**EXERCISE GOAL**:
The lines you should transcribe are those from the one containing "REISS TERRY COTTON" to the end of the listing below, exactly, with pictures left out.

Segment Start: EXERCISE MATERIALS

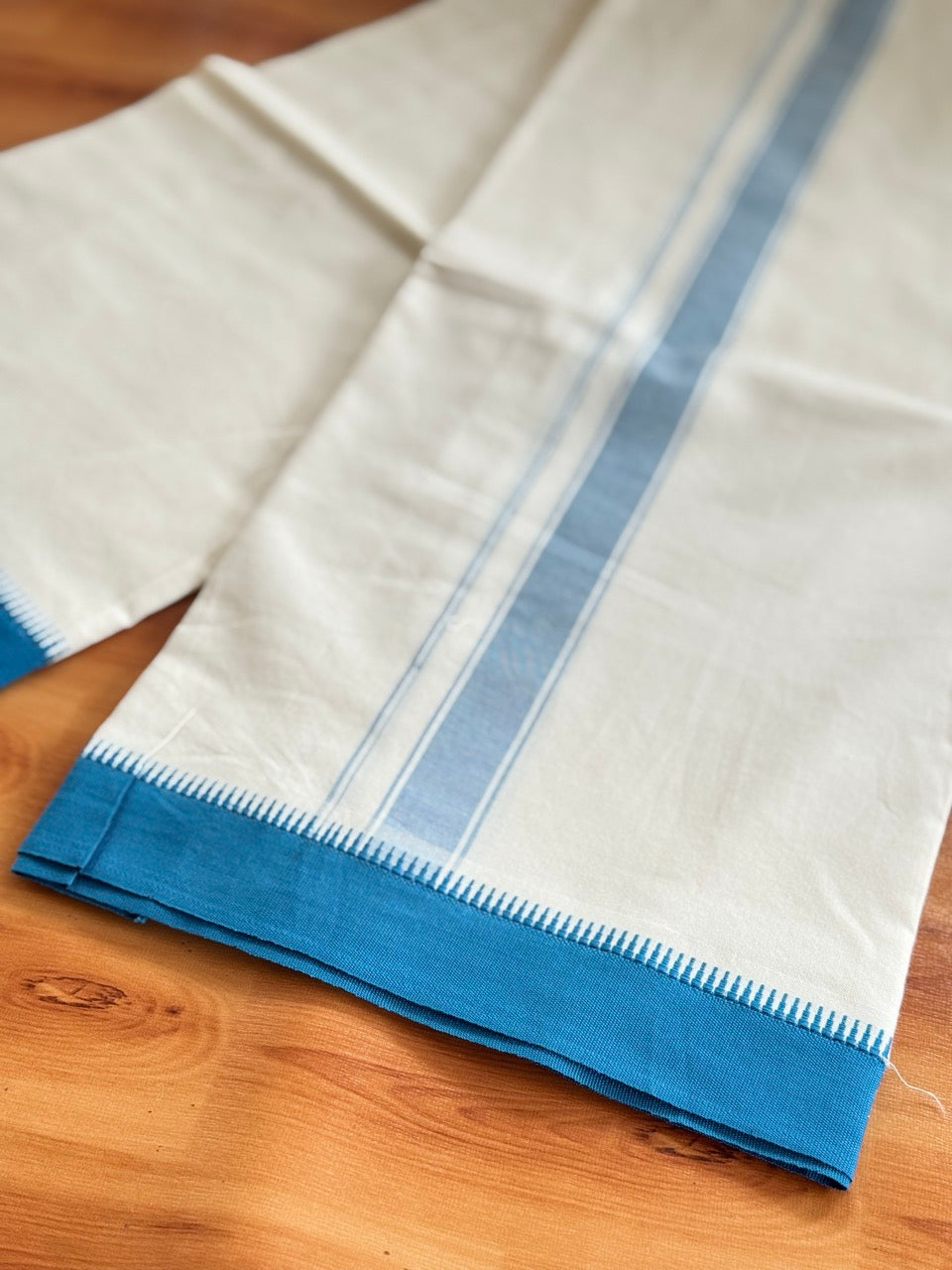 Single Off White Mund / Dhoti - Pure Combed Cotton Kaitharikada Pulimood Special - 2/40s Twisted Warp x 20s Weft - 1.25 inch Peacock Blue Striped Kara Off White Body Kuppadam Border (2 meter / 4 muzham) - 1 KK8095 MRH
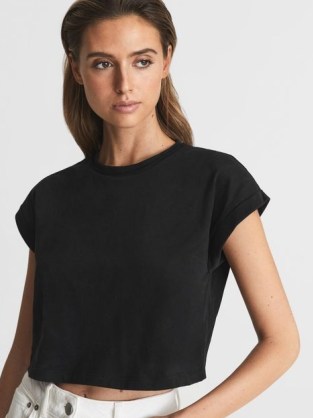 REISS TERRY COTTON CREW NECK CROP TOP BLACK ~ women’s casual fashion essentials ~ womens cropped short sleeve tops ~ chic tee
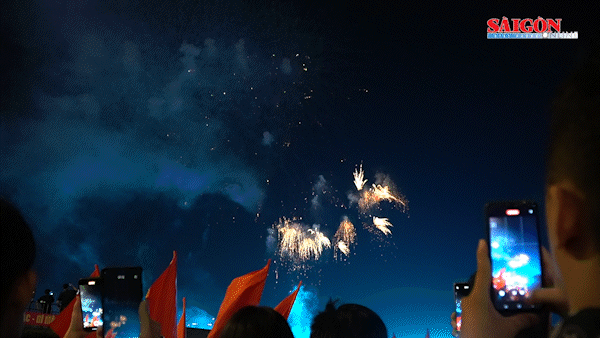 Pháo hoa bừng sáng TPHCM, mở màn lễ hội chào mừng 50 năm Ngày Giải phóng miền Nam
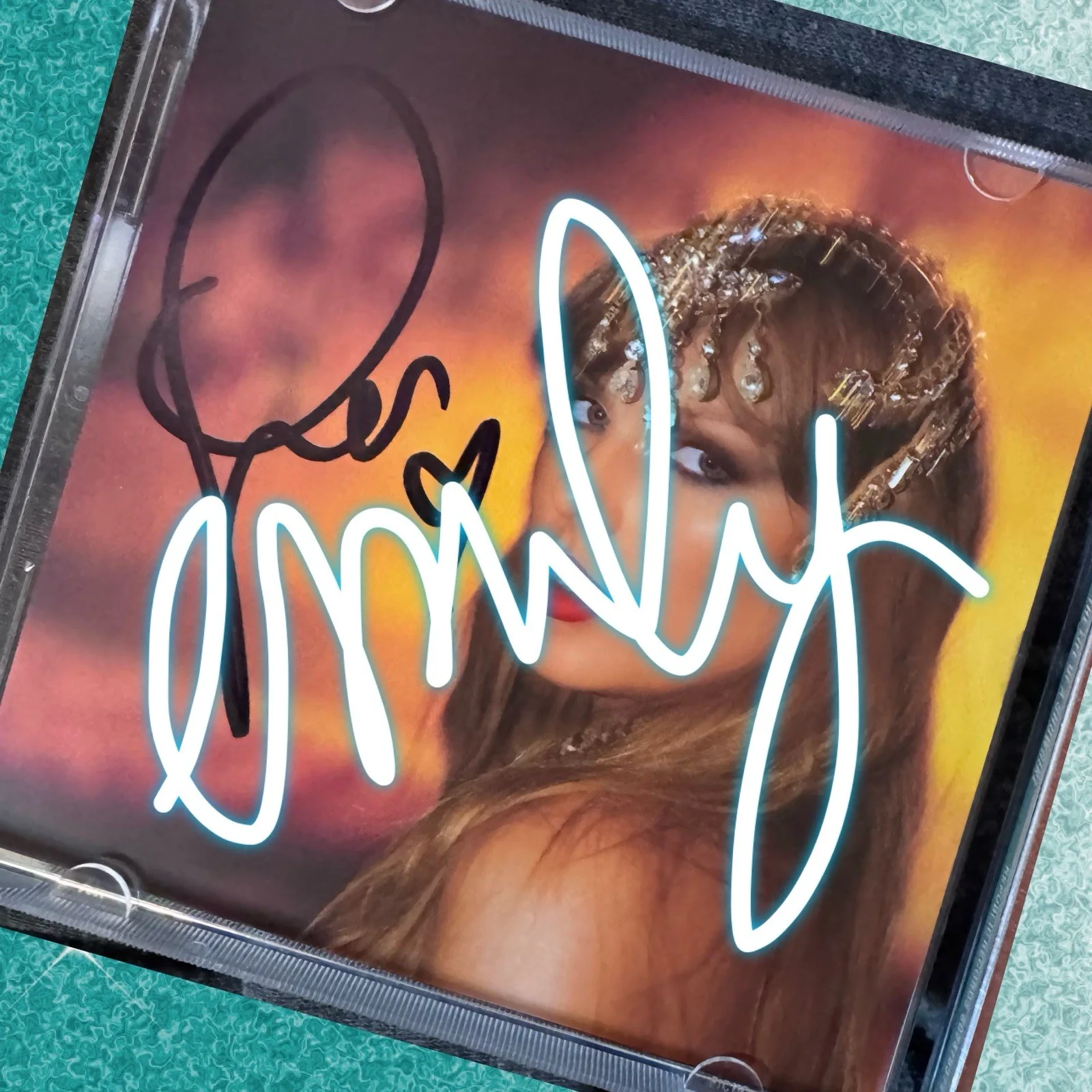 NWT Signed Taylor Swift The Life of a Showgirl Limited Edition CD with heart!, изображение 3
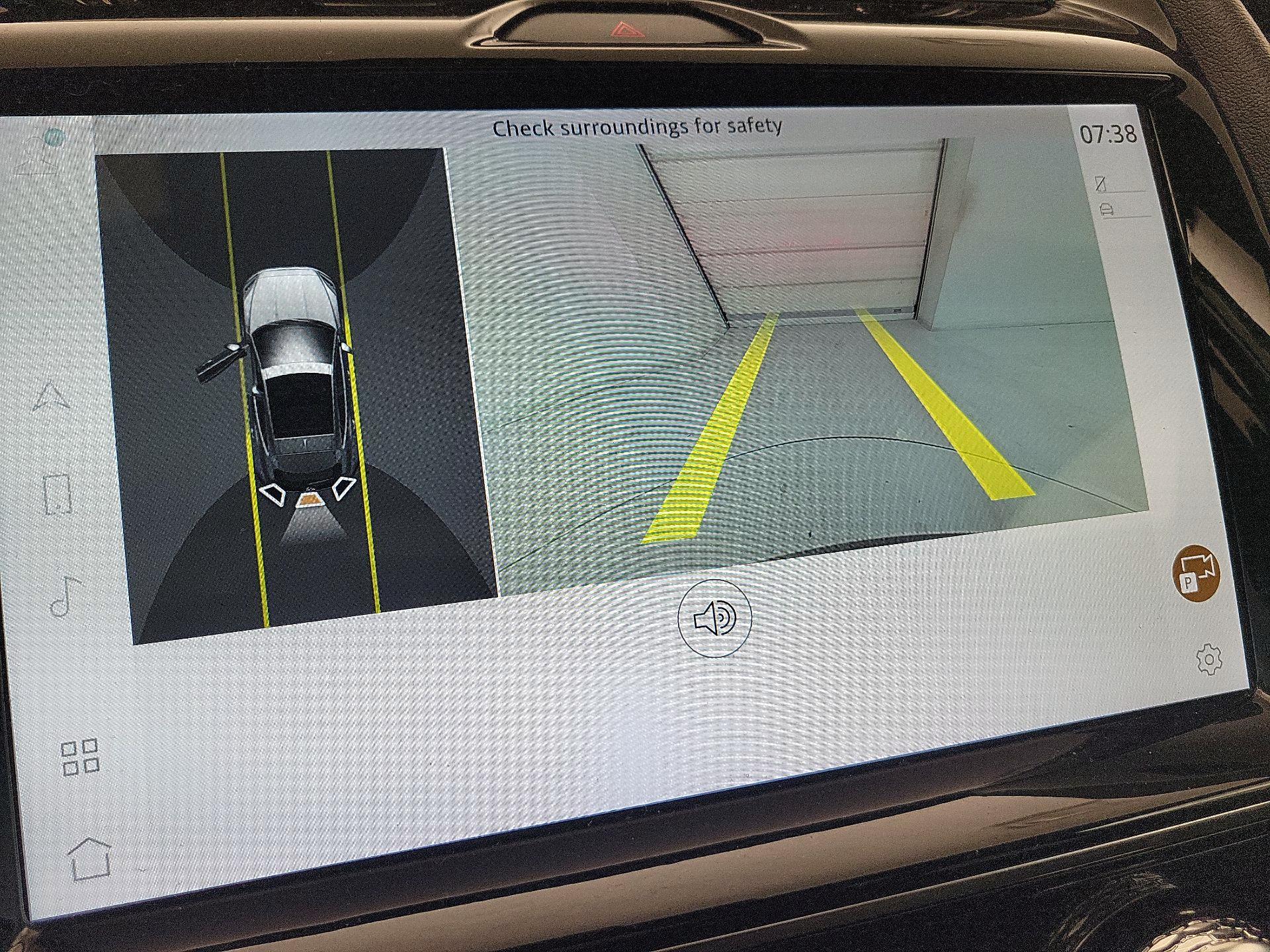 Thumbnail: 2022 Jaguar E-Pace - 15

Segment End: EXERCISE MATERIALS

**RESULT OF THIS EXERCISE**:
 REISS TERRY COTTON CREW NECK CROP TOP BLACK ~ women’s casual fashion essentials ~ womens cropped short sleeve tops ~ chic tee
 Pháo hoa bừng sáng TPHCM, mở màn lễ hội chào mừng 50 năm Ngày Giải phóng miền Nam
 NWT Signed Taylor Swift The Life of a Showgirl Limited Edition CD with heart!, изображение 3
 Thumbnail: 2022 Jaguar E-Pace - 15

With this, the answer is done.